The biggest currency news of the year is the continued weakening of the Japanese currency. For those unfamiliar with what is happening in Japan, here’s a primer on what could be a trading opportunity.
The struggles of Japan’s economy should hit close to home for Americans. The economy was in high gear until the mid-1990s when a stock and property bubble brought the economy to its knees. In response, the country implemented a quantitative easing (QE) program from 2001 to 2006 that fostered recovery.
Once the program wound down, the economy once again weakened. QE resumed but the massive 9.0 magnitude earthquake caused another economic emergency.
Today, the country is experiencing deflation. As a result, Shinzō Abe, Japan’s Prime Minister, is taking action. According to Dr. Steve Sjuggerud, Editor of Stansberry & Associates True Wealth and Daily Wealth, “Abe is dead-set on creating a ‘Bernanke Asset Bubble on steroids’ in Japan.”

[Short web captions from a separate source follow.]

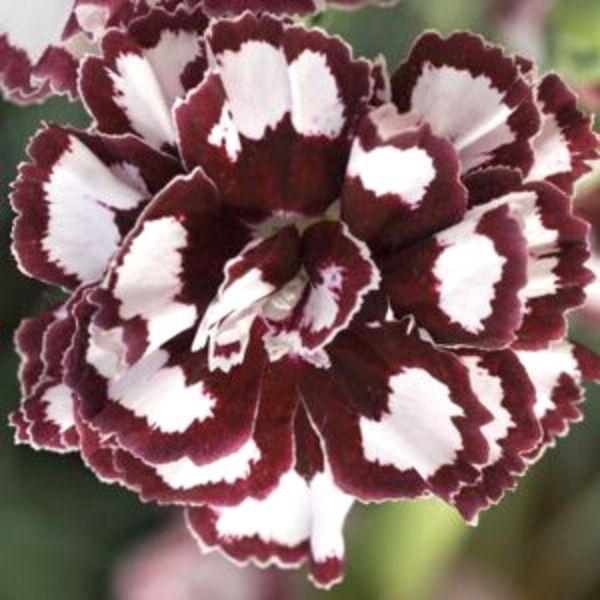 Dianthus Coconut Punch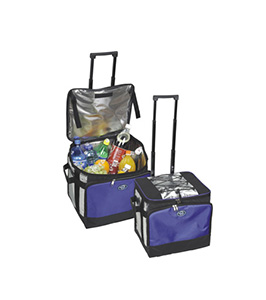 Cooler Bag 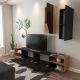 HANAH HOME TV komoda Zebra, crna/braon - 788DEC3091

“He will force Japanese people into stocks by cutting interest rates and printing money. Meanwhile, Japanese stocks are the cheapest they’ve been in decades.”

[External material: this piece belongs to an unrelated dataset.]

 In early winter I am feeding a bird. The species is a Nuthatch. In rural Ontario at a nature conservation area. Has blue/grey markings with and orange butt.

Why Does QE Affect the Value of the Yen?
When more money is infused into an economy, the value of the currency usually decreases. According to Rob Haworth, Senior Investment Strategist at U.S. Bank Wealth Management, “Quantitative easing will reduce real interest rates in Japan and stimulate inflation, which are typically negative for a currency.” Because Japan’s QE is estimated to be $1.4 trillion - 60% larger than the United States’ QE - expect continued pressure on the Yen.
But there’s another force at work. Abe expects that QE will continue to devalue the currency and that will effectively put all Japanese exports on sale to other countries. But as other countries race to devalue their currency, who will win in the end?

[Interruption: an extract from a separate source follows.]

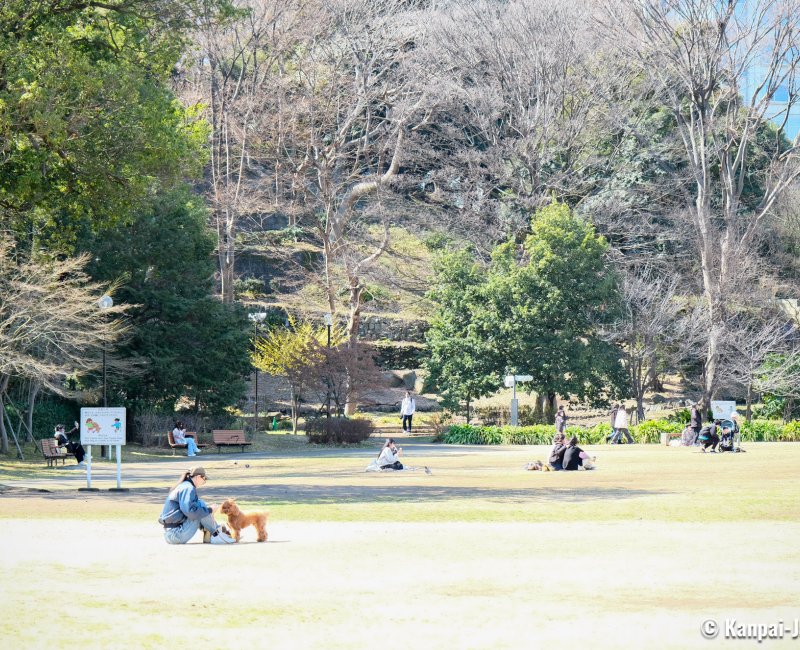 Shiba Park (Tokyo), Lawns at the end of winter with Shiba Maruyama Kofun in the background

David Houle, Certified Financial Analyst with Season Investments says, “The weakening Yen makes Japan's goods cheaper for foreign buyers, thus making Japanese manufacturers more competitive and fueling export growth.”
“However, it also makes foreign imports more expensive, which may have a negative impact on key trading partners. This is why the term ‘currency wars’ has been used to describe the various stimulus programs being implemented by global central banks.”
What is the Outlook Going Forward?
If QE works as expected, the Yen should continue to weaken. Keith Raphael, President of Crosscurrents Investment Advisory says, “We continue to forecast the further rally to 101.45 in June 2013 and 118.80 through March 2014. What this means to the average investor is that there is a further decline of approximately 20% coming over the next year … and the Japanese government will promote that decline,” because the yen is/was quite strong.
But Bloomberg reports that as Japan gets what it wished for, it might be getting a little nervous about the meteoric drop. Koichi Hamada, one of Abe’s advisers, recently said that the government was working hard to influence the yen but, “if it goes too far, it should be stopped.” He said that if it reached 110 against the dollar that would be too weak.
Why the government suddenly got a little skittish is unclear but as the yen weakens, U.S. industry groups are starting to use the m-word again: manipulation. An industry group representing the Big Three automakers recently called on President Obama to retaliate against the move.
How can investor play the weakening yen? Forex traders can, of course, trade the USD/YEN, but what about equity traders? First, if you believe that Japanese QE will raise demand for Japanese exports, invest in Japan-based companies.
Examples include Honda Motor (NYSE:HON), Sony (NYSE:SNE) and Toyota Motor (NYSE:TM). Committing money to a stock for the sole reason of capitalizing on the improving economy isn’t advised, but if your research finds these or other companies to have strong balance sheets and attractive risk/reward profiles, think of the currency argument as one more bullish reason to invest.
The other way is through ETFs. In January, Sjuggerud recommended the WisdomTree Japan Hedged Equity Fund (ARCA:DXJ). Since that time, it’s up more than 25%. The fund’s top holdings include Honda, Toyota and Canon (NYSE:CAJ). The fund invests in stocks while hedging against currency risk. In other words, you get the upside that companies see from a weakening yen without the currency effect going against your trade.